Saat bencana Merapi, pegiat medsos dengan karakter terbatas membuat jejaring bersama radio komunitas lewat Jalin Merapi sebagai penghubung dan media alert atau membangun sistem peringatan dini ke banyak pihak.
Gema dan gaung peringatan yang dikumpulkan dari netizen, warga, sukarelawan di lereng Merapi dimanfaatkan untuk bahan konten informasi Jalin Merapi. Semua pihak berkontribusi dalam produksi informasi sekaligus membersihkan sampah-sampah informasi palsu yang beredar.
*****
Kini rintisan beragam aplikasi telah tersedia baik marketplace maupun sistem informasi untuk pelayanan publik. Semakin canggih dan mudah akses seiring dengan membaiknya infrastruktur teknologi informasi yang terus berkembang.
Pendek kata, semua bisa dijangkau dalam genggaman, apakah itu hal baik maupun hal buruk. Hal yang memperkokoh fondasi kedaulatan maupun hal-hal yang memperuncing permasalahan, perpecahan, menajamkan polarisasi.

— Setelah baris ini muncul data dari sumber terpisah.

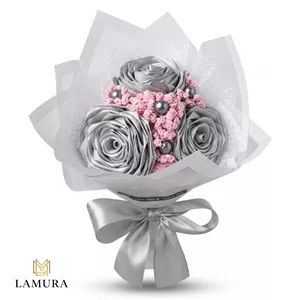 دسته گل سه شاخه رز با شکوفه و مروارید _ گل پارچه ایی بدون تغییر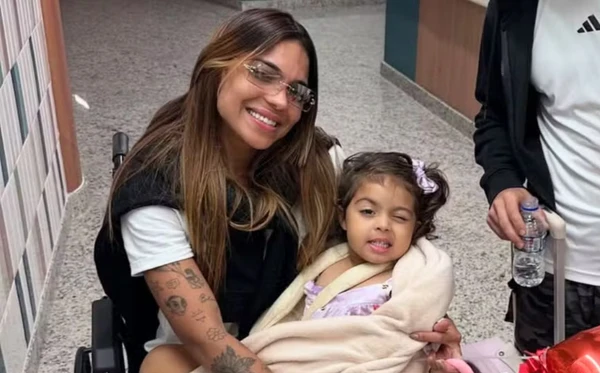 Filha de Tays Reis e Biel passou por cirurgia de emergência após queda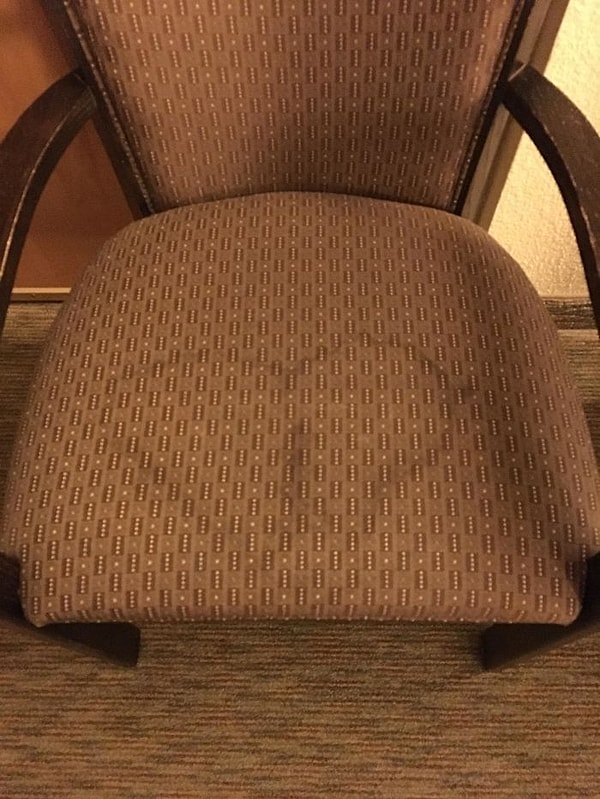 8. Первое, что я увидел, войдя в мой гостиничный номер.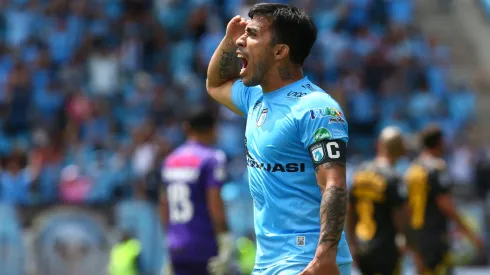 Edson Puch festeja la victoria de los Dragones Celestes ante Coquimbo Unido.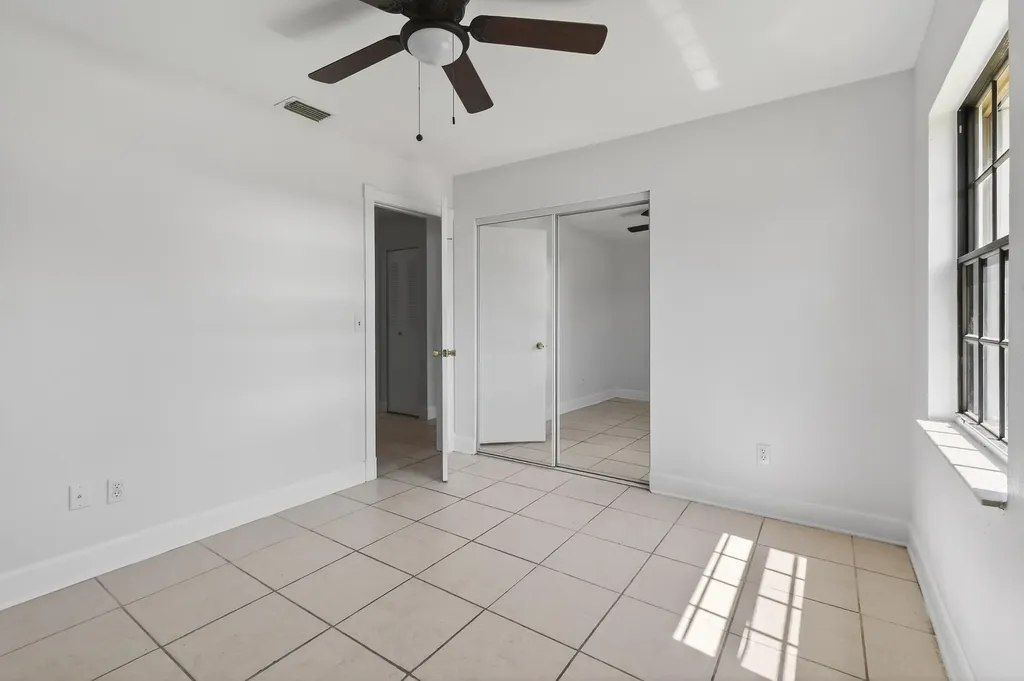 1502 SE Belcrest Street Port St Lucie FL 34952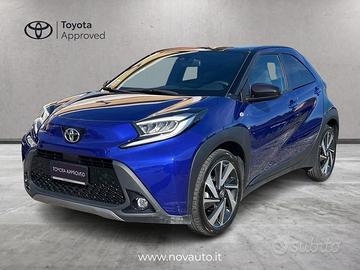 Toyota Aygo X 1.0B (72 CV) Lounge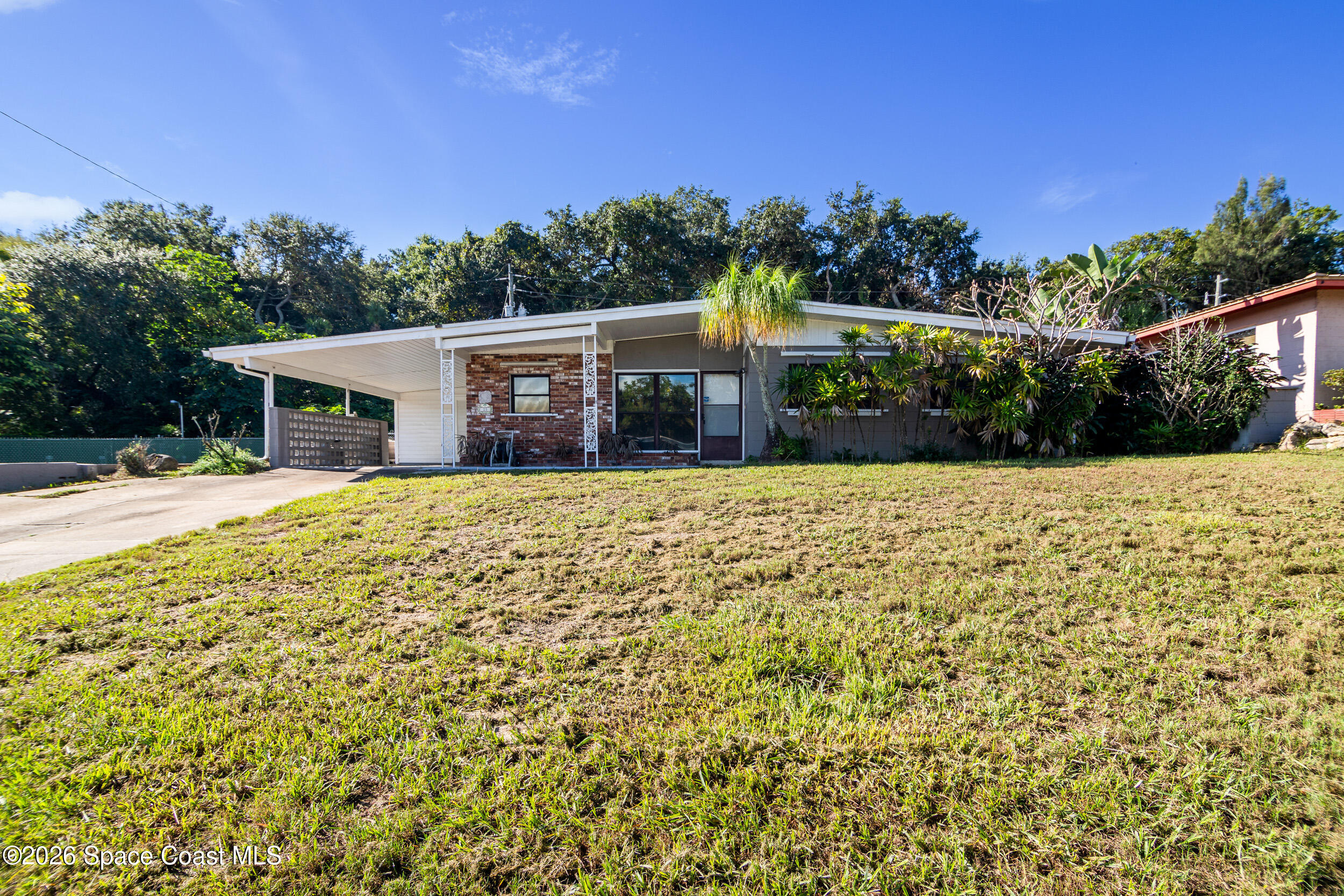 15 Knollwood Drive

Mengacu pada pendapat para programmer, benar adanya soal betapapun canggih dan handalnya sistem semua pada akhirnya bertumpu pada manusia. Teknologi adalah tools, manusialah yang memiliki kuasa atas teknologi. Jangan sampai logikanya terbalik. Manusia jadi budak teknologi, mesin-mesin digital itulah yang semestinya memberikan pelayanan untuk memudahkan kehidupan manusia.